*** ENTRIES SUPPLIED Section Begins ***

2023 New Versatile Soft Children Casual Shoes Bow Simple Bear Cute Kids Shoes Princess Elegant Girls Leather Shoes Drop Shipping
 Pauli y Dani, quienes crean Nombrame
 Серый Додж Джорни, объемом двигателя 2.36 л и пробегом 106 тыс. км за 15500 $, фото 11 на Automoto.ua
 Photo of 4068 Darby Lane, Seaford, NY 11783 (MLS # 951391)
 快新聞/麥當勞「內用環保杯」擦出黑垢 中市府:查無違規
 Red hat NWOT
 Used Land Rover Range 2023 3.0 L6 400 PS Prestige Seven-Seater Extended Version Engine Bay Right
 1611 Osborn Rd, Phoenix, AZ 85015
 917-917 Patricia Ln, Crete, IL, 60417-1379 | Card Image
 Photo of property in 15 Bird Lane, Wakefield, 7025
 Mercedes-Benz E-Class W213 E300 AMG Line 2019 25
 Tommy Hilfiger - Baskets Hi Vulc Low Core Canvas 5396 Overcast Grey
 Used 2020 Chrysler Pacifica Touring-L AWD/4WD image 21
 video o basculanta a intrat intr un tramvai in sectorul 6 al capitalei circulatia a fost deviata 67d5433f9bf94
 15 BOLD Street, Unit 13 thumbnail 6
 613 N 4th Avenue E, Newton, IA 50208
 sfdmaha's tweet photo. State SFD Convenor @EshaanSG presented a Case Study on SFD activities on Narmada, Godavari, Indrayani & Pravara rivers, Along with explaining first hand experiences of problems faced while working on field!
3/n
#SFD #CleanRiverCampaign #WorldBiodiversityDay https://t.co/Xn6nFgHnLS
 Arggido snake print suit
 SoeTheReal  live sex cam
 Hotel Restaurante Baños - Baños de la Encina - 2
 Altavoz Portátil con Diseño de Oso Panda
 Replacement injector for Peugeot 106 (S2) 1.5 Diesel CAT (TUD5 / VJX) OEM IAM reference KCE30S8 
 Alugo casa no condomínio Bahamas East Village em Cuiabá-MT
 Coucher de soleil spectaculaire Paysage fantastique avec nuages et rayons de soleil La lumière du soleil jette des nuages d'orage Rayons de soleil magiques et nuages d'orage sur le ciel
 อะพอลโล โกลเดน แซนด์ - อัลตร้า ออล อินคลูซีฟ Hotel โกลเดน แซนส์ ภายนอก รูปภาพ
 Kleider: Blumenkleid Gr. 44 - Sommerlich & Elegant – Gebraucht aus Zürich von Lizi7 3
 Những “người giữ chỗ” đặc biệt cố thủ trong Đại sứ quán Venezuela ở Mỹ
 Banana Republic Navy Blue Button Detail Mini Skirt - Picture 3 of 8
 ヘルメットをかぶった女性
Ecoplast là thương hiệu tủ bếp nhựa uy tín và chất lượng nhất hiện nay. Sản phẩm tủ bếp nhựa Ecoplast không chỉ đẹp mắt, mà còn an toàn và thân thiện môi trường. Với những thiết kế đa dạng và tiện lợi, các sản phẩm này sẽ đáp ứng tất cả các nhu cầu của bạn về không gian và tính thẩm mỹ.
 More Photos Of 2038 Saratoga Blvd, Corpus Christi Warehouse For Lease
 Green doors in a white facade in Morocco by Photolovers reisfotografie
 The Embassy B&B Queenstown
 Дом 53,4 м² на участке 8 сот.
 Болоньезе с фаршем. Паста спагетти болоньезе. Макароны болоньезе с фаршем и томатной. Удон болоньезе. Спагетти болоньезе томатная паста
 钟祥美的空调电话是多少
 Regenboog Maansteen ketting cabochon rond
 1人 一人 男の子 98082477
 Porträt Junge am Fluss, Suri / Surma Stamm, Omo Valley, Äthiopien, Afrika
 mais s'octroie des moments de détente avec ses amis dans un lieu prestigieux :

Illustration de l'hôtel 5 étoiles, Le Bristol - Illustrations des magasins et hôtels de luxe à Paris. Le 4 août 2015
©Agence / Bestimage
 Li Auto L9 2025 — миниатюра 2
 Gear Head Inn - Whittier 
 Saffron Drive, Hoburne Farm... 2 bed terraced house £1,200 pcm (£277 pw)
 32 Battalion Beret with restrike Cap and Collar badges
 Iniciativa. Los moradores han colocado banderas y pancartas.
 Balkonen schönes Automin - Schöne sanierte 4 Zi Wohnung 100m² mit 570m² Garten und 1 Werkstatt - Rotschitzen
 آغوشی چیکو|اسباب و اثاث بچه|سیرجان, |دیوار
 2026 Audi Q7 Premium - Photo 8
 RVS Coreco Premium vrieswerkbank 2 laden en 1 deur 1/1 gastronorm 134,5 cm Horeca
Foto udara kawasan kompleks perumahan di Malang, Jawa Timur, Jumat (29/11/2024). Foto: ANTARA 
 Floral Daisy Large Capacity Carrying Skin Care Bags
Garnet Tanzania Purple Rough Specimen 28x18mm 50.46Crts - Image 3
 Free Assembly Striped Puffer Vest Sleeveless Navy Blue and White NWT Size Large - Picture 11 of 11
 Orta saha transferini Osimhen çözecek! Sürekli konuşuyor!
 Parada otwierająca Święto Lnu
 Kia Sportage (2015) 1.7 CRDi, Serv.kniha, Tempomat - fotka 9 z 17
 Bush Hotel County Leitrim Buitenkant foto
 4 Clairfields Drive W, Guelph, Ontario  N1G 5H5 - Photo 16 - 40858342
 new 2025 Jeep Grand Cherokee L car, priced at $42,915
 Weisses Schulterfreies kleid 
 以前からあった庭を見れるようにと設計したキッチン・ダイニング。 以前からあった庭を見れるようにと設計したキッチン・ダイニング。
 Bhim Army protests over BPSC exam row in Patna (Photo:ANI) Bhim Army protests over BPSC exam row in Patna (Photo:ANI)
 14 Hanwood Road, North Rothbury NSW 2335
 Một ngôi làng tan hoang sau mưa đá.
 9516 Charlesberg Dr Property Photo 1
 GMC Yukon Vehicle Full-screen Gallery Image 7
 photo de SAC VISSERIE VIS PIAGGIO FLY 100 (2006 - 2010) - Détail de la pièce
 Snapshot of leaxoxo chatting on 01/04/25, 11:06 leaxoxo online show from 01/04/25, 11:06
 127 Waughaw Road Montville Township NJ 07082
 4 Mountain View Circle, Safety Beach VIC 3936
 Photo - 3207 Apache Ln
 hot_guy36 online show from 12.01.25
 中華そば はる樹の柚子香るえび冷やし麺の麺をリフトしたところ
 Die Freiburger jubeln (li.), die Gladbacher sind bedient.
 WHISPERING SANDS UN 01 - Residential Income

*** ENTRIES SUPPLIED Section Ends ***

- _YOUR INSTRUCTIONS_
Please copy the lines above from the line with "15 BOLD Street, Unit 13 thumbnail 6" up to and including the line with "ヘルメットをかぶった女性", exactly as written and with nothing else.

- _EXPECTED ANSWER_
 15 BOLD Street, Unit 13 thumbnail 6
 613 N 4th Avenue E, Newton, IA 50208
 sfdmaha's tweet photo. State SFD Convenor @EshaanSG presented a Case Study on SFD activities on Narmada, Godavari, Indrayani & Pravara rivers, Along with explaining first hand experiences of problems faced while working on field!
3/n
#SFD #CleanRiverCampaign #WorldBiodiversityDay https://t.co/Xn6nFgHnLS
 Arggido snake print suit
 SoeTheReal  live sex cam
 Hotel Restaurante Baños - Baños de la Encina - 2
 Altavoz Portátil con Diseño de Oso Panda
 Replacement injector for Peugeot 106 (S2) 1.5 Diesel CAT (TUD5 / VJX) OEM IAM reference KCE30S8 
 Alugo casa no condomínio Bahamas East Village em Cuiabá-MT
 Coucher de soleil spectaculaire Paysage fantastique avec nuages et rayons de soleil La lumière du soleil jette des nuages d'orage Rayons de soleil magiques et nuages d'orage sur le ciel
 อะพอลโล โกลเดน แซนด์ - อัลตร้า ออล อินคลูซีฟ Hotel โกลเดน แซนส์ ภายนอก รูปภาพ
 Kleider: Blumenkleid Gr. 44 - Sommerlich & Elegant – Gebraucht aus Zürich von Lizi7 3
 Những “người giữ chỗ” đặc biệt cố thủ trong Đại sứ quán Venezuela ở Mỹ
 Banana Republic Navy Blue Button Detail Mini Skirt - Picture 3 of 8
 ヘルメットをかぶった女性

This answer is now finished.